▶ TASK ITEM:
Only the lines from the one containing "Apple WWDC released" through the end of the listing are to be transcribed, exactly and with both ends included.

▶ EXCERPTED RECORDS:

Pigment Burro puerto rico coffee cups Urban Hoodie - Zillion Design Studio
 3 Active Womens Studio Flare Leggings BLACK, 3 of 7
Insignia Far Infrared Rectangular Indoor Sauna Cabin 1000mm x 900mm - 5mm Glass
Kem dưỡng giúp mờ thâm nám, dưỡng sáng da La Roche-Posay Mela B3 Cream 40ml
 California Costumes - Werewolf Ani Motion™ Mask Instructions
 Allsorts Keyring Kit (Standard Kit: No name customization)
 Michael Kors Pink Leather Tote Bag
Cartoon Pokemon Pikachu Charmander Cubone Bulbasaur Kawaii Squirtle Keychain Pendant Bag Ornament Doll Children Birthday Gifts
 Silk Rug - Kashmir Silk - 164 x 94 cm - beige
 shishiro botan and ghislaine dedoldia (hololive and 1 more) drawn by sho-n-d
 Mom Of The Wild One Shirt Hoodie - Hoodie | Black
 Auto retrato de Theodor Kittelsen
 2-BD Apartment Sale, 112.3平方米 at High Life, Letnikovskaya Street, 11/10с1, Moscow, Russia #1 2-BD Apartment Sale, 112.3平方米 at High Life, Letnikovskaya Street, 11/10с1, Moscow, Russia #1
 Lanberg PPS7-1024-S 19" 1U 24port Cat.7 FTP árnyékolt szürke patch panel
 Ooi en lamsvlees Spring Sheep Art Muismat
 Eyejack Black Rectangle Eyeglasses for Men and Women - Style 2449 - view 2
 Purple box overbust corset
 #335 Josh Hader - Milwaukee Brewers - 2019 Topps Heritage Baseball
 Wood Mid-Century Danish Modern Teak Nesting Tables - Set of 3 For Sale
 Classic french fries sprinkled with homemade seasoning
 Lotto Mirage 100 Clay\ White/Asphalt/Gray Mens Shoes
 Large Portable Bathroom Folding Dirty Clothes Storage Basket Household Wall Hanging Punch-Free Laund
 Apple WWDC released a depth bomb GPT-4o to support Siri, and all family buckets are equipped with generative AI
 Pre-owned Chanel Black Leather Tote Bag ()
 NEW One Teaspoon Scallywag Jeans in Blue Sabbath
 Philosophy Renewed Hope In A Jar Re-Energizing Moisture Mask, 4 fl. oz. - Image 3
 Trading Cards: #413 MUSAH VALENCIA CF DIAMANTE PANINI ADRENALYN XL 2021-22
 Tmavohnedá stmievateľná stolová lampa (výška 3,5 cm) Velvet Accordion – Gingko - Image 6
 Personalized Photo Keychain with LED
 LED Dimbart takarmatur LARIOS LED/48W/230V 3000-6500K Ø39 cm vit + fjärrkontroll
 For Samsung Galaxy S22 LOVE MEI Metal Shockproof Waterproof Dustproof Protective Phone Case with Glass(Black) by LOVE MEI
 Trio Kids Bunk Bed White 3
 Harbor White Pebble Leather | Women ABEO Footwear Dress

▶ TASK ANSWER:
 Apple WWDC released a depth bomb GPT-4o to support Siri, and all family buckets are equipped with generative AI
 Pre-owned Chanel Black Leather Tote Bag ()
 NEW One Teaspoon Scallywag Jeans in Blue Sabbath
 Philosophy Renewed Hope In A Jar Re-Energizing Moisture Mask, 4 fl. oz. - Image 3
 Trading Cards: #413 MUSAH VALENCIA CF DIAMANTE PANINI ADRENALYN XL 2021-22
 Tmavohnedá stmievateľná stolová lampa (výška 3,5 cm) Velvet Accordion – Gingko - Image 6
 Personalized Photo Keychain with LED
 LED Dimbart takarmatur LARIOS LED/48W/230V 3000-6500K Ø39 cm vit + fjärrkontroll
 For Samsung Galaxy S22 LOVE MEI Metal Shockproof Waterproof Dustproof Protective Phone Case with Glass(Black) by LOVE MEI
 Trio Kids Bunk Bed White 3
 Harbor White Pebble Leather | Women ABEO Footwear Dress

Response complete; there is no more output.